TheHairyOne - I should be able to use Tesla app for PV, PW and Model 3.


----------



## Carbontech (Feb 2, 2019)

RoBoRaT said:


> Signed up with Baker Home Energy for 10.72 kW 32 LG 335 PV panels and 2 Powerwall.
> 
> Baker has Powerwalls in stock and will reserve SCE SGIP step 4.
> 
> TheHairyOne - I should be able to use Tesla app for PV, PW and Model 3.


I didn't realize that other companies sold tesla power walls. I am in the process of tesla giving me a quote. Who did you talk to at baker? 
I am in Wildomar. Not far from you. 
Looking to get a system before the end of the year.


----------



## RoBoRaT (Nov 24, 2018)

Carbontech said:


> I didn't realize that other companies sold tesla power walls. I am in the process of tesla giving me a quote. Who did you talk to at baker?
> I am in Wildomar. Not far from you.
> Looking to get a system before the end of the year.

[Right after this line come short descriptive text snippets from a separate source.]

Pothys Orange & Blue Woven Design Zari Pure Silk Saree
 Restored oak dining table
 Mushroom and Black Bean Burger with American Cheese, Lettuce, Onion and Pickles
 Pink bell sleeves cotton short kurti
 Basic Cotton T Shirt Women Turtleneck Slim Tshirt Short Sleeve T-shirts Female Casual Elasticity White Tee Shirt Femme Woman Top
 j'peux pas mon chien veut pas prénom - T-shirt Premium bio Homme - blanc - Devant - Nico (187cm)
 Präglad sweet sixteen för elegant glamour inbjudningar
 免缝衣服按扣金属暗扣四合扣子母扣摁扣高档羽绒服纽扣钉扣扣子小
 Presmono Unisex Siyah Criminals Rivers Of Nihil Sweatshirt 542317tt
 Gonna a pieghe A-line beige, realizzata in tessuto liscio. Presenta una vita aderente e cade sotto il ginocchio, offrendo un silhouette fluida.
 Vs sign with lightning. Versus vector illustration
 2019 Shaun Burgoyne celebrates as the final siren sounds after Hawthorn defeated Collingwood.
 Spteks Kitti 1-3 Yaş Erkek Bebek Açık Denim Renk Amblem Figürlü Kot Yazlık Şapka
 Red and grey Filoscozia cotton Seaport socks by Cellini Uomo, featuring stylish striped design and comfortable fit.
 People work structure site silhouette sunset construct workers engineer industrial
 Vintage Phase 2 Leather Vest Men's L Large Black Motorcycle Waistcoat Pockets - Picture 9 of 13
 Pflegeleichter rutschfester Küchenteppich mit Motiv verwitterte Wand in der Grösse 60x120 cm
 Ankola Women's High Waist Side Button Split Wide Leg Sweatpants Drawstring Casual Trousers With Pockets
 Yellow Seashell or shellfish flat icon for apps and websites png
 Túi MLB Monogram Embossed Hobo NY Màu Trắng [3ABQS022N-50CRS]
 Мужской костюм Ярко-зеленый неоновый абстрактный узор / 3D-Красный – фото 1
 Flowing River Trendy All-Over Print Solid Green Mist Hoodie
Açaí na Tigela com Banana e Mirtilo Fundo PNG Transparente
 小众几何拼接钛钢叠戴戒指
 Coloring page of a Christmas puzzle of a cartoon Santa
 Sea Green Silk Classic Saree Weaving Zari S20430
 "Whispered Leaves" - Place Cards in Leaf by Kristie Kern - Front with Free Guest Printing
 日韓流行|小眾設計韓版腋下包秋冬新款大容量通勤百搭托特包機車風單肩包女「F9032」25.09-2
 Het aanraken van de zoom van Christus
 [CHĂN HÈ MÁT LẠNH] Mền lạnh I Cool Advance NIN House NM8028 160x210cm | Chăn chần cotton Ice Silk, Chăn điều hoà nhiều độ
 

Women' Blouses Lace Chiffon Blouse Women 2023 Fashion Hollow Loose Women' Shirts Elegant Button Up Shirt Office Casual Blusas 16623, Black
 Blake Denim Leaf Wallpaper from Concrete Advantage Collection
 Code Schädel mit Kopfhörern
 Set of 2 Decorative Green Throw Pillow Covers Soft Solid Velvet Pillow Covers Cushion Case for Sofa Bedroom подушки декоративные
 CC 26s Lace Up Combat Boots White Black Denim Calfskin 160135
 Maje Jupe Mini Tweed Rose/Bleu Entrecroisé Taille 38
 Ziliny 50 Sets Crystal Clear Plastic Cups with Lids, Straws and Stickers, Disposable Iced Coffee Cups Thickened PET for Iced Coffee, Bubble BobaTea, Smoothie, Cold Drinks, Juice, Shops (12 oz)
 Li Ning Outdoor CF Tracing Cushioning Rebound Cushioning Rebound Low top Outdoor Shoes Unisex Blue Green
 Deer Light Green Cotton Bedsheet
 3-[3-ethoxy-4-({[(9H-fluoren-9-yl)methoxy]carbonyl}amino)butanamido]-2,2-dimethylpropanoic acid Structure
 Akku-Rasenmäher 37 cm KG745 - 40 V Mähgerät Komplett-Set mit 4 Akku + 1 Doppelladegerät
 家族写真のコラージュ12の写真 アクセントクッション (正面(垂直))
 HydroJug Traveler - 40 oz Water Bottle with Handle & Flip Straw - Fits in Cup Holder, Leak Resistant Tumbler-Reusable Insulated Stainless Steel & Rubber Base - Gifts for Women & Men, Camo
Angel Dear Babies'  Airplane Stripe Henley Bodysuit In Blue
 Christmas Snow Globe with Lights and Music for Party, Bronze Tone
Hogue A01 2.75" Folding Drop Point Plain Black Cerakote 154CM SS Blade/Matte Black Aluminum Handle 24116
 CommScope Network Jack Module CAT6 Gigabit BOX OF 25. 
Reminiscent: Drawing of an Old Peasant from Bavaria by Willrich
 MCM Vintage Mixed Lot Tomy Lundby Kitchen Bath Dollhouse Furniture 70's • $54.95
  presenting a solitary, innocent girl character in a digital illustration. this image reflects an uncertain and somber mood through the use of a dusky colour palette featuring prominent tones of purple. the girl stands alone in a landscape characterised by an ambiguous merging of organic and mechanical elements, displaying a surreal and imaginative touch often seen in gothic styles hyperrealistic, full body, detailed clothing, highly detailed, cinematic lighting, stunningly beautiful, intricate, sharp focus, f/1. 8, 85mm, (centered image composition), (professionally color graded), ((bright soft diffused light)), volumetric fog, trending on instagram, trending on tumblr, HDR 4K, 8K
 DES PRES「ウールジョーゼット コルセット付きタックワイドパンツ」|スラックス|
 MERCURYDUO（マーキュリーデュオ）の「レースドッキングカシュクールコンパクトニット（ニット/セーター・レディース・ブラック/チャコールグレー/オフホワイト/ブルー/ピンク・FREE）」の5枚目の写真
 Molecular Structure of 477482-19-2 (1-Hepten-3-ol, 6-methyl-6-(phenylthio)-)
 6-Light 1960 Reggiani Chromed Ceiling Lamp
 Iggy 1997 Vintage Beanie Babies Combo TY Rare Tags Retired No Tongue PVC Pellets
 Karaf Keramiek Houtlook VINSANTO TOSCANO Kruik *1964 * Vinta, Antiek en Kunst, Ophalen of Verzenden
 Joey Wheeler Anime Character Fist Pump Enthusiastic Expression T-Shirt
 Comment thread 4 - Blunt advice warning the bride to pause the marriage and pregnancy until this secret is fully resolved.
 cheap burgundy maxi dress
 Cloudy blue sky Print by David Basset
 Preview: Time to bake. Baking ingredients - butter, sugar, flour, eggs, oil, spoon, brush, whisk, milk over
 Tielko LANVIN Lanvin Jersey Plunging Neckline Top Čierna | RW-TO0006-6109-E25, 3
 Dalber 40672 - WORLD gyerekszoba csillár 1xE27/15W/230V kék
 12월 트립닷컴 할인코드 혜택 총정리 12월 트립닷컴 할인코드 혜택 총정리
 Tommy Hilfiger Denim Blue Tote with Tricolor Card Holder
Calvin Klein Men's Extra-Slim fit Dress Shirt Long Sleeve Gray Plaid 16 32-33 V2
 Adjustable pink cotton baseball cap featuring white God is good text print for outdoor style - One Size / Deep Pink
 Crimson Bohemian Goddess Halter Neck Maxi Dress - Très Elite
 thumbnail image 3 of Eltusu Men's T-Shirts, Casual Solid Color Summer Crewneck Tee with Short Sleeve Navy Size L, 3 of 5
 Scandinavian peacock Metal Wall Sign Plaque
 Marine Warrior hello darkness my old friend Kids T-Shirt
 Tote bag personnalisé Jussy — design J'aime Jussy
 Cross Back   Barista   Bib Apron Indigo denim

I have a good adviser from Baker PM me so I can give you his contact info since I am not sure if its ok to post personal/business info here. I can also share you the quotes from other local installers.


----------



## MadMax (Sep 28, 2017)

Anybody in the San Diego area with recent SGIP experience? Still a bit confused about SGIP. It's now closed but got refunded but no one knows what the new program or steps looks like or what step we'll be in? Seems like a big chuck of imaginary $ when trying to determine project cost.


----------



## Fishn4life (Jul 5, 2018)

MadMax said:


> Anybody in the San Diego area with recent SGIP experience? Still a bit confused about SGIP. It's now closed but got refunded but no one knows what the new program or steps looks like or what step we'll be in? Seems like a big chuck of imaginary $ when trying to determine project cost.


Just sent you PM


----------